The deputy minister added that Iran's oil industry would not return to the pre-sanctions era in 2013 'under any circumstances' regardless of U.S. President Donald Trump’s decision on extending sanctions against Iran under the nuclear deal.
Trump said Monday that he would announce his decision on Tuesday afternoon.
Zamani-Nia said problems were not “welcome” but Iran would overcome them.
'The Iranian oil and gas industry has been faced with a myriad of challenges throughout its 110-year history, and Trump's decision tonight is one of the problems that Iran's oil industry has learned to deal with,' he said.
-Rouhani downplays Trump’s possible withdrawal
Iranian President Hassan Rouhani earlier on Tuesday downplayed the effects of a possible decision by Trump to walk away from the nuclear agreement.
'Exceptional conditions are likely to occur from time to time and a special figure comes to power somewhere in the world to impose special conditions; however, such conditions are short-lived and will end and we will leave the problems behind,' Rouhani was quoted as saying by Shana during a visit to the ongoing Iran Oil Show 2018 in Tehran.
Rouhani said the Tehran administration had always sought to achieve 'constructive interaction' under 'win-win conditions' in its dealings worldwide.
'With or without sanctions, we have to move in such a direction to use national capabilities,' he added.
Rouhani said the Iranian government is expected to provide favorable conditions for oil industrialists.
'If we don't have good relations with our neighbors and don't have calculated relations with the world, what should we do with money and technology?' he asked.
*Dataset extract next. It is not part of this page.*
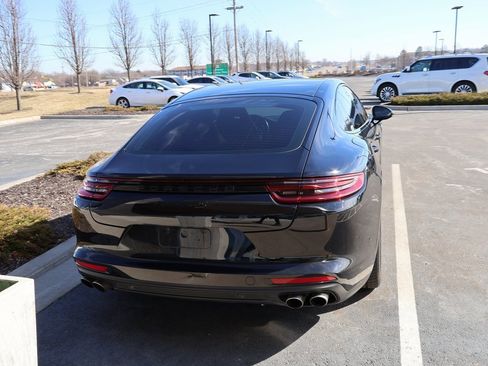 Used 2018 Porsche Panamera 4S image 11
Under the deal signed in 2015, the U.S. and the P5+1 (the permanent members of the UN Security Council —the U.S, the U.K., Russia, France, and China—plus Germany) agreed to lift some economic sanctions imposed on Iran in return for the latter agreeing to rein in its nuclear program.
Trump has repeatedly called the pact 'one of the worst negotiated agreements' he has ever seen, and has threatened to pull the U.S. out of the deal.